4. L’émergence d’un modèle d’accompagnement

Ce modèle d’accompagnement, qui se veut plus directif dans un premier temps, s’articule sur la triple dimension théorique (ou de fond), méthodologique (ou de forme), et organisationnelle (ou en termes de moyens) afin d’atteindre ce qui constitue, au fond depuis toujours, l’objectif de l’équipe (probablement plus avoué à partir de cette époque): le changement de l’école en lieu inclusif.

Il s’agit d’engager les professionnels de l’école dans un processus de changement profond qui passe par un questionnement radical de leurs pratique pédagogiques et de gestion. Il s’agit aussi, du point de vue de la recherche, de les définir mieux: ces professionnels sont-ils objets d’étude ou sujets du changement que l’équipe est en train d’impulser progressivement? En plus de cette question qui, au fond, va traverser toute la recherche, la venue du professeur canadien va s’accompagner de nouveaux savoir et de nouveaux instruments de recherche et d’évaluation. C’est ainsi que les questions d’enseignement différencié, de planification des activités, d’échelles d’évaluation, des compétences tant des professeurs que des gestionnaires, de positionnement vis-à-vis de différents types de changement, de ligne du temps ou de techniques des groupes focalisés, parmi bien d’autres, vont compter au rang des nouvelles acquisitions théoriques et des nouveaux investissements des membres de la recherche.

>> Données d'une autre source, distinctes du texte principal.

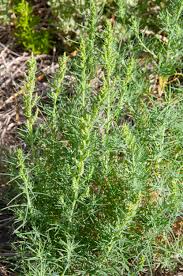 Image result for Suaeda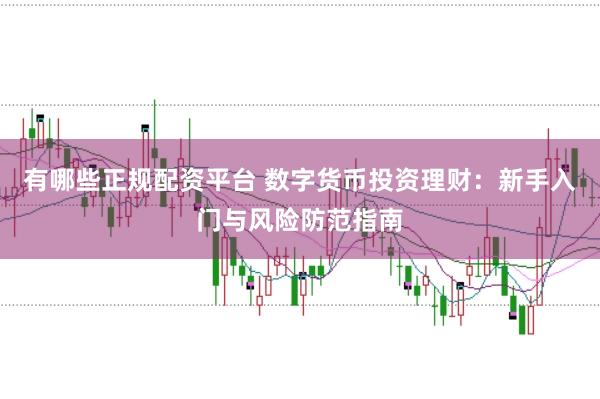 有哪些正规配资平台 数字货币投资理财：新手入门与风险防范指南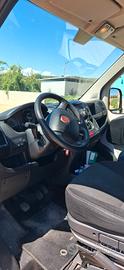 Ducato L1 H1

D’un point de vue plus critique, on peut se demander si vraiment les professeurs de l’école publique sont si incompétents - pour utiliser encore les méthodes “traditionnelles“ d’enseignement - ou bien si les expectatives résolument transformatrices et volontariste des chercheurs orientent/limitent leurs perceptions. Est-ce que, par ailleurs, les affirmations d’incompétences, de la part des professeurs eux-mêmes cette fois-ci, ne constitueraient pas une forme de stratégie de résistance passive27? A la lecture de ces rapports de réunion, un autre point m’apparaît problématique (et peut-être peu pris en compte dans la recherche): le projet scolaire inclusif est toujours présenté comme étant une évidence partagée, ou présenté comme un objectif commun, ainsi que je l’ai déjà évoqué plus haut. Mais, au fond, c’est une évidence pour qui? Et qui, sinon les chercheurs, a produit ce projet, en a défini les objectifs et l’articulation?

Notes
27.

Type: «nous sommes incompétents en ce qui concerne le travail avec des enfants ayant une déficience; comme vous voulez les intégrer dans l’école, on attend tout de vous, on vous laisse faire».